Durante el período de mandato que ha ejercido el gobierno del cambio, nos hemos acostumbrado más a los fracasos que a los verdaderos cambios.
Esto me recuerda un poco aquel mito del rey Midas, quien, producto de su ambición, consiguió que todo lo que tocara se convirtiera en oro, personaje de la mitología a quien Petro se le parece mucho en su afán por conseguir sus delirios, pero con la diferencia de que nada convierte en oro sino en fracaso, miseria, risa, desolación o una curiosa mezcla de todo lo anterior.
Uno de estos fracasos es el documentado momento en el que se encuentra la paz total, la cual constituyó una de las principales promesas de Petro durante su campaña presidencial, presuntamente en medio de las escandalosas reuniones sostenidas por los suyos en su nombre, con la criminalidad ligada al paramilitarismo, la corrupción y el narcotráfico en los pabellones carcelarios de máxima seguridad en lo que se denominó el Pacto de La Picota.
Tan es así que, el pasado 31 de diciembre, a través de un sugestivo y falaz trino, Petro afirmó que había acordado un cese bilateral con cuatro de los grupos al margen de la ley que mayor protagonismo delictivo tienen en nuestro país: el ELN, las disidencias de las FARC, las Autodefensas de la Sierra Nevada y el Clan del Golfo.
Para lograr este objetivo, Petro ordenó a la fuerza pública que cesara sus actividades y operaciones tendientes a investigar, perseguir y judicializar la conducta de peligrosos bandidos, mientras que estos, ni cortos ni perezosos, se dedicaron a fortalecerse aprovechándose del perverso anuncio presidencial, que algunos de ellos ni siquiera consintieron porque, entre otras, el tal cese bilateral no había sido pactado por todos los aludidos en el trino presidencial, lo cual fue un oso monumental, pues en realidad era otro de los inventos del primer mandatario.
La verdad es que este cese bilateral no generó verdaderos compromisos por parte de los delincuentes, y Petro se quedó viendo un chispero, al tiempo que el país sufre con las improvisaciones y mentiras presidenciales, en esta y todas las materias.

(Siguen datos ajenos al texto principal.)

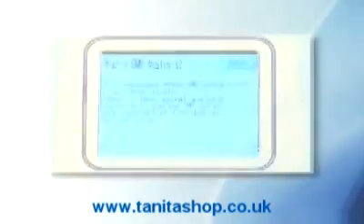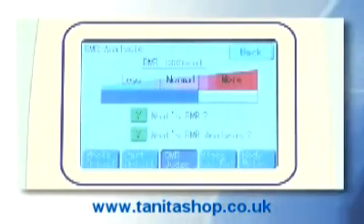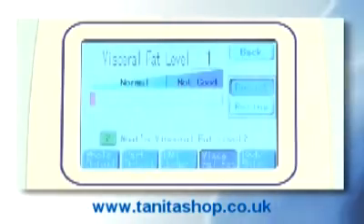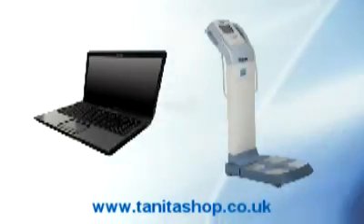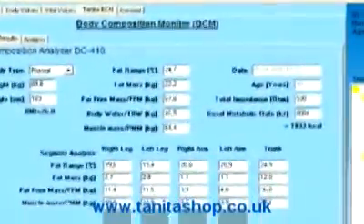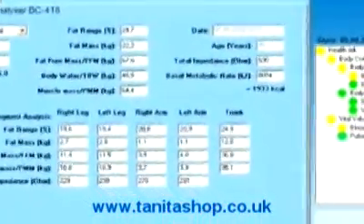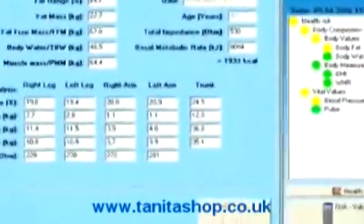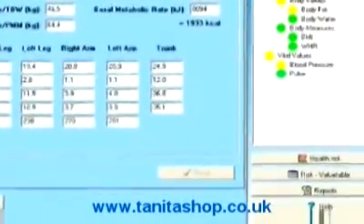All measurements are instantly shown on the colour touchscreen panel with accompanying explanatory texts. The data can also be automatically downloaded to a PC using Gmon medically approved software, allowing instant capture of data. The advisor will be able to see the present user status, track past results and set detailed future targets, allowing complete information for a full consultation.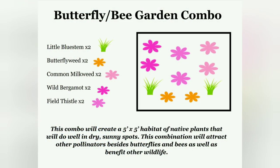Here's a picture showing the specific plant bundle we're going to be using today and some details about it. We actually had to do some substitutions and we'll talk about that a little bit later as we go through it.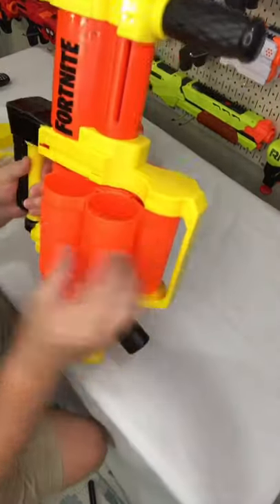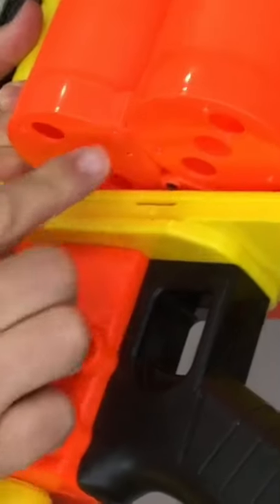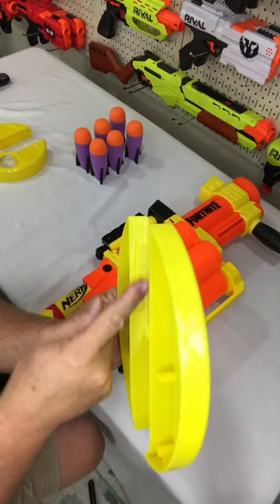One quick note: as you put on each one and rotate, you got to make sure that you line up these notches so they actually marry into one another — it actually makes it hold better. Now for the shields, you're going to notice a ridge here and notice a ridge inside here.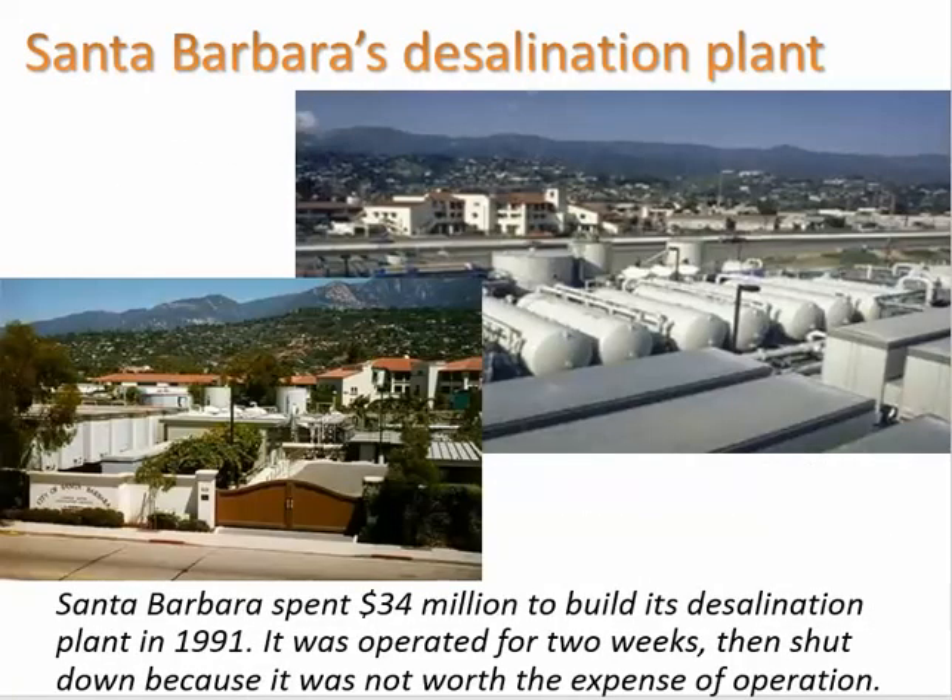Santa Barbara did build a desalination plant, and they're pursuing another one. The original was built in the 1990s in response to a major drought, but it was operated for only two weeks before being shut down because it wasn't worth the expense. Most of the equipment was sold off to the Middle East or elsewhere. However, they have now reinvested in desalination technology and are getting that plant back online — you can find headlines about it in the newspaper.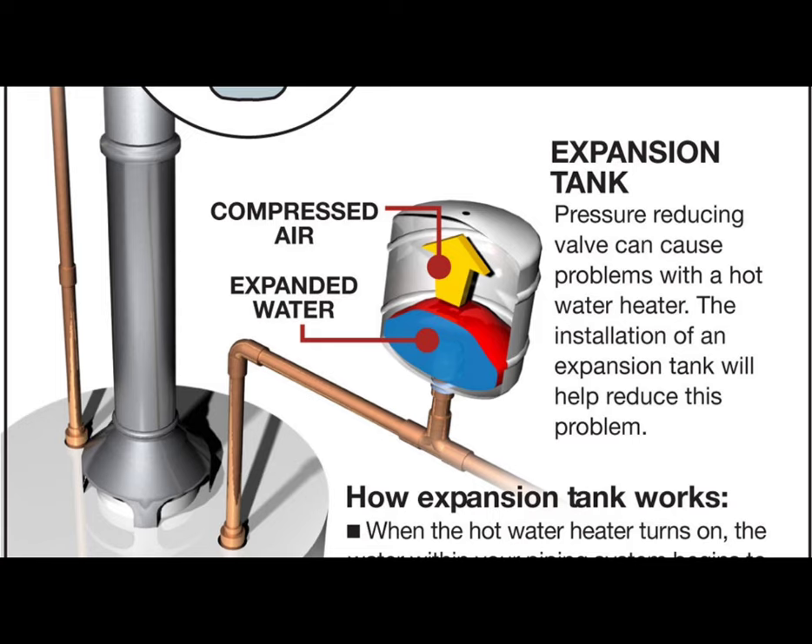In a closed heating system, there is only so much space in the pipes and the boiler. If the water is taking up more space and has nowhere to go, the pressure will increase and possibly damage the system, generally at its weakest points, until a leak or even a burst pipe results.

Tan grave resultó la situación, que a Petro las cosas se le salieron de las manos y, producto de su abandono institucional, se presentaron graves problemas de orden público, que, incluso, hoy no han sido superados, como fue el secuestro de policías en el Caquetá, el paro minero que puso en aprietos la seguridad y el orden público en el Bajo Cauca, los incendios de vehículos en las carreteras y los territorios hoy impenetrables.

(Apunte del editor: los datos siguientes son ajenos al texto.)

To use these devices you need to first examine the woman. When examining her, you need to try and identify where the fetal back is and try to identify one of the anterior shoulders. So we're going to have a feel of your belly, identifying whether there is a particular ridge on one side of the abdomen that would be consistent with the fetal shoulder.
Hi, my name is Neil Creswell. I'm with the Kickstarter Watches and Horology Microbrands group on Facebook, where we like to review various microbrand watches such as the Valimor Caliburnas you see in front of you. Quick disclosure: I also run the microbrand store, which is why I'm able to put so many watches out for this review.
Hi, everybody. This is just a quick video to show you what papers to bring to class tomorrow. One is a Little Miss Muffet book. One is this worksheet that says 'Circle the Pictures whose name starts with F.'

Luego de todos estos desaciertos y en un tiempo corto como lo han sido los cuatro meses desde que Petro anunció el imaginario cese bilateral con los grupos al margen de la ley, expertos han señalado que lo que ha venido ocurriendo con la paz total es lo mismo que ocurrió en el pasado durante los procesos de paz que han fracasado en nuestra historia, debido a la falta de institucionalidad y de verdaderos compromisos de los disidentes. Todo parece recordar al Caguán.
Ahora bien, en un reciente informe de un conjunto de organizaciones que representan a las víctimas y los grupos afectados por la violencia, conformado por cerca de 700 organizaciones, se ha señalado que, en la actualidad, se han presentado más de 200 violaciones a los compromisos acordados en el supuesto cese bilateral de Petro. Esta situación se concentra, por lo menos, en 15 territorios de nuestro país, siendo Antioquia, Bolívar, el Caribe, Arauca y el Catatumbo las regiones más afectadas.
Es momento de que Petro escuche el clamor de las víctimas y, en lugar de abandonarlas, asuma sus compromisos como presidente. Haciendo promesas que no va a poder cumplir se está consolidando como el Midas, pero del fracaso.